- Theatrical release poster.
- Directed by: George Marshall
- Screenplay by: George Kennett Albert E. Lewin Burt Styler
- Story by: George Beck
- Produced by: Edward Small
- Starring: Bob Hope Elke Sommer Phyllis Diller Cesare Danova Marjorie Lord
- Cinematography: Lionel Lindon
- Edited by: Grant Whytock
- Music by: William "By" Dunham Richard LaSalle
- Production company: Edward Small Productions
- Distributed by: United Artists
- Release date: June 8, 1966;
- Running time: 99 minutes
- Country: United States
- Box office: $4.3 million (est. US/ Canada rentals)

= Boy, Did I Get a Wrong Number! =

1966 film by George Marshall

Boy, Did I Get a Wrong Number! is a 1966 American DeLuxe Color comedy film directed by George Marshall and starring Bob Hope, Elke Sommer and Phyllis Diller. It was written by George Kennett, Albert E. Lewin and Burt Styler from a story by George Beck.

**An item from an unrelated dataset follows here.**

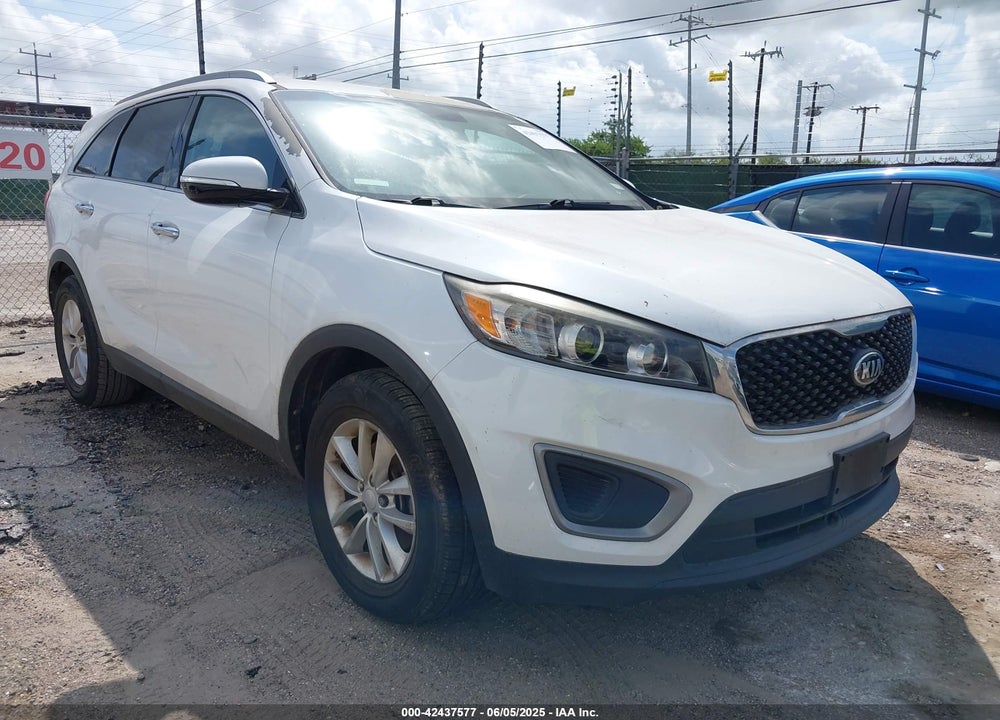 2016 KIA SORENTO 2.4L LX VIN: 5XYPG4A30GG053361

This film was the first of three film collaborations for Hope and Diller, and was followed by Eight on the Lam (1967) and The Private Navy of Sgt. O'Farrell (1968).

== Plot ==
French actress Didi has become more famous for bubble bath commercials than her acting. She runs away for a while to Oregon, where she encounters middle-aged married realtor Tom Meade who agrees to assist her, and becomes enmeshed in various complications when he and his wacky housekeeper try to hide her from his wife and the public.

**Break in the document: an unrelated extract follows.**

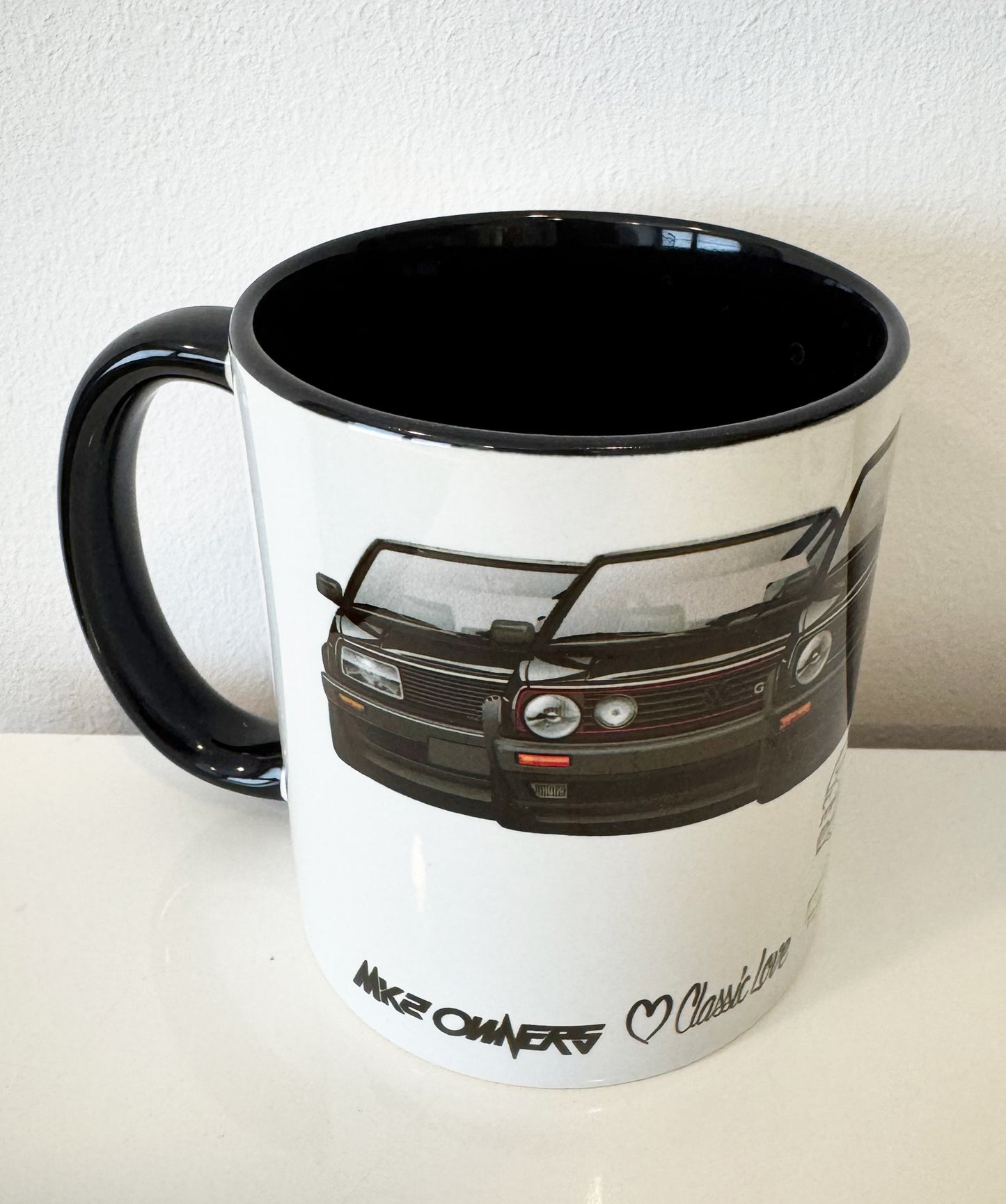 MK2 Charity Keramiktasse – Schwarz-Weiß mit Statement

Everyone is convinced Meade and Didi are having an affair. He is suspected of murdering her when neighbors see him carrying her half-dressed body - she had taken too many sleeping pills and Meade was putting her to bed.
A police chase ends with cars plowing into a soap factory, with all concerned emerging from a cloud of suds and Didi's career Svengali finally agreeing that she needs a vacation from bubble baths.

==Cast==
- Bob Hope as Tom Meade
- Elke Sommer as Didi
- Phyllis Diller as Lily
- Cesare Danova as Pepe Pepponi
- Marjorie Lord as Mrs. Martha Meade
- Kelly Thordsen as Detective Shawn Regan
- Benny Baker as Detective Lt. Schwartz
- Terry Burnham as Doris Meade
- Joyce Jameson as telephone operator
- Harry von Zell as newscaster / off-screen narrator
- Kevin Burchett as Larry Meade
- Keith Taylor as Plympton

==Production==
The film was Bob Hope's second with Edward Small. Filming started in October 1965. It marked Phyllis Diller's film debut as a lead – she signed for five more pictures with Hope.

== Reception ==
With Bob Hope's film career on the downswing by the '60s, Boy, Did I Get a Wrong Number! was critically panned and compared to a "90-minute TV sitcom".

The critic for The New York Times drew parallels with Up in Mabel's Room which Edward Small had made twenty years previously. Reviews were poor. However it performed well at the box office. Boy, Did I Get a Wrong Number! was listed in the 1978 book The Fifty Worst Films of All Time.